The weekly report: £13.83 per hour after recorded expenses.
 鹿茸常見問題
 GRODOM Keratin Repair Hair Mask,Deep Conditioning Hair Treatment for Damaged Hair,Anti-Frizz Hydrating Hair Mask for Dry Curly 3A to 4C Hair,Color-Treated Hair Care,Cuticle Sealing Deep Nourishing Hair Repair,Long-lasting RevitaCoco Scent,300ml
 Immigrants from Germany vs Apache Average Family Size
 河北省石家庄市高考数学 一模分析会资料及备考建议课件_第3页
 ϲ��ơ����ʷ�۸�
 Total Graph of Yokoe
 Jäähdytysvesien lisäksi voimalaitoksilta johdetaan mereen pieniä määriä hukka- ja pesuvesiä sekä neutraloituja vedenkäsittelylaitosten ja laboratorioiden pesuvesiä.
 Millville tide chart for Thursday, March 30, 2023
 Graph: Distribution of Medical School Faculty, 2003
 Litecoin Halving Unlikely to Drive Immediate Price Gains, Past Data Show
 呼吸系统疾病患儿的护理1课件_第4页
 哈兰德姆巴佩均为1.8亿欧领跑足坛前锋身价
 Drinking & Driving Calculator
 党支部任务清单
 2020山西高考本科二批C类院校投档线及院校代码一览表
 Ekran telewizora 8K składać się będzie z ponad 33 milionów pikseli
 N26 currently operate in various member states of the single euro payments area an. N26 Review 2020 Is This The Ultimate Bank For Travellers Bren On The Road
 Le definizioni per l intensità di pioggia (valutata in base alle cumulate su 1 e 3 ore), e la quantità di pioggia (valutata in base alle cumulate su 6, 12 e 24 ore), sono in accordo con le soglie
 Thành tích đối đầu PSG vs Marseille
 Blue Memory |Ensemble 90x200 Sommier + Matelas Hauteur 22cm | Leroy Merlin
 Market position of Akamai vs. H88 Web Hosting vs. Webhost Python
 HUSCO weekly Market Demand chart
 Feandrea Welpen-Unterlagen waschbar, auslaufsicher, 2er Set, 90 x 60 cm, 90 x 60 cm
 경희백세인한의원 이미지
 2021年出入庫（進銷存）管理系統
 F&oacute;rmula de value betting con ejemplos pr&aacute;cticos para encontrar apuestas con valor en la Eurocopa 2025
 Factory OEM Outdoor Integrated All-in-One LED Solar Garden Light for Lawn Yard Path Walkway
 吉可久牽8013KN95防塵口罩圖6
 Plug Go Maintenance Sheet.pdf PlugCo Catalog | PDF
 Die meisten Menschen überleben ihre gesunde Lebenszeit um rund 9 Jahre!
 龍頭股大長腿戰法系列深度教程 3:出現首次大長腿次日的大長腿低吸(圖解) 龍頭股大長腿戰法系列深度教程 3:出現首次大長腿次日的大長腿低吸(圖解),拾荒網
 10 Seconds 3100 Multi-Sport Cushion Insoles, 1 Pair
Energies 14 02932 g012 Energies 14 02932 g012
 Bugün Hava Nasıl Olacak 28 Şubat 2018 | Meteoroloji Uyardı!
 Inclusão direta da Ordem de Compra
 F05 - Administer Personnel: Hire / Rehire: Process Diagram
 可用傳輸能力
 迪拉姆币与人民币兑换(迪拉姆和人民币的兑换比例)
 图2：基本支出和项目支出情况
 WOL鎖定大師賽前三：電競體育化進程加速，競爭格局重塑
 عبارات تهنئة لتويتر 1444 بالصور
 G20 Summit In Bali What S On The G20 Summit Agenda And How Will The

=======

» BRIEF: Precisely reproduce all the entries shown above.

» ANSWER BELOW:
The weekly report: £13.83 per hour after recorded expenses.
 鹿茸常見問題
 GRODOM Keratin Repair Hair Mask,Deep Conditioning Hair Treatment for Damaged Hair,Anti-Frizz Hydrating Hair Mask for Dry Curly 3A to 4C Hair,Color-Treated Hair Care,Cuticle Sealing Deep Nourishing Hair Repair,Long-lasting RevitaCoco Scent,300ml
 Immigrants from Germany vs Apache Average Family Size
 河北省石家庄市高考数学 一模分析会资料及备考建议课件_第3页
 ϲ��ơ����ʷ�۸�
 Total Graph of Yokoe
 Jäähdytysvesien lisäksi voimalaitoksilta johdetaan mereen pieniä määriä hukka- ja pesuvesiä sekä neutraloituja vedenkäsittelylaitosten ja laboratorioiden pesuvesiä.
 Millville tide chart for Thursday, March 30, 2023
 Graph: Distribution of Medical School Faculty, 2003
 Litecoin Halving Unlikely to Drive Immediate Price Gains, Past Data Show
 呼吸系统疾病患儿的护理1课件_第4页
 哈兰德姆巴佩均为1.8亿欧领跑足坛前锋身价
 Drinking & Driving Calculator
 党支部任务清单
 2020山西高考本科二批C类院校投档线及院校代码一览表
 Ekran telewizora 8K składać się będzie z ponad 33 milionów pikseli
 N26 currently operate in various member states of the single euro payments area an. N26 Review 2020 Is This The Ultimate Bank For Travellers Bren On The Road
 Le definizioni per l intensità di pioggia (valutata in base alle cumulate su 1 e 3 ore), e la quantità di pioggia (valutata in base alle cumulate su 6, 12 e 24 ore), sono in accordo con le soglie
 Thành tích đối đầu PSG vs Marseille
 Blue Memory |Ensemble 90x200 Sommier + Matelas Hauteur 22cm | Leroy Merlin
 Market position of Akamai vs. H88 Web Hosting vs. Webhost Python
 HUSCO weekly Market Demand chart
 Feandrea Welpen-Unterlagen waschbar, auslaufsicher, 2er Set, 90 x 60 cm, 90 x 60 cm
 경희백세인한의원 이미지
 2021年出入庫（進銷存）管理系統
 F&oacute;rmula de value betting con ejemplos pr&aacute;cticos para encontrar apuestas con valor en la Eurocopa 2025
 Factory OEM Outdoor Integrated All-in-One LED Solar Garden Light for Lawn Yard Path Walkway
 吉可久牽8013KN95防塵口罩圖6
 Plug Go Maintenance Sheet.pdf PlugCo Catalog | PDF
 Die meisten Menschen überleben ihre gesunde Lebenszeit um rund 9 Jahre!
 龍頭股大長腿戰法系列深度教程 3:出現首次大長腿次日的大長腿低吸(圖解) 龍頭股大長腿戰法系列深度教程 3:出現首次大長腿次日的大長腿低吸(圖解),拾荒網
 10 Seconds 3100 Multi-Sport Cushion Insoles, 1 Pair
Energies 14 02932 g012 Energies 14 02932 g012
 Bugün Hava Nasıl Olacak 28 Şubat 2018 | Meteoroloji Uyardı!
 Inclusão direta da Ordem de Compra
 F05 - Administer Personnel: Hire / Rehire: Process Diagram
 可用傳輸能力
 迪拉姆币与人民币兑换(迪拉姆和人民币的兑换比例)
 图2：基本支出和项目支出情况
 WOL鎖定大師賽前三：電競體育化進程加速，競爭格局重塑
 عبارات تهنئة لتويتر 1444 بالصور
 G20 Summit In Bali What S On The G20 Summit Agenda And How Will The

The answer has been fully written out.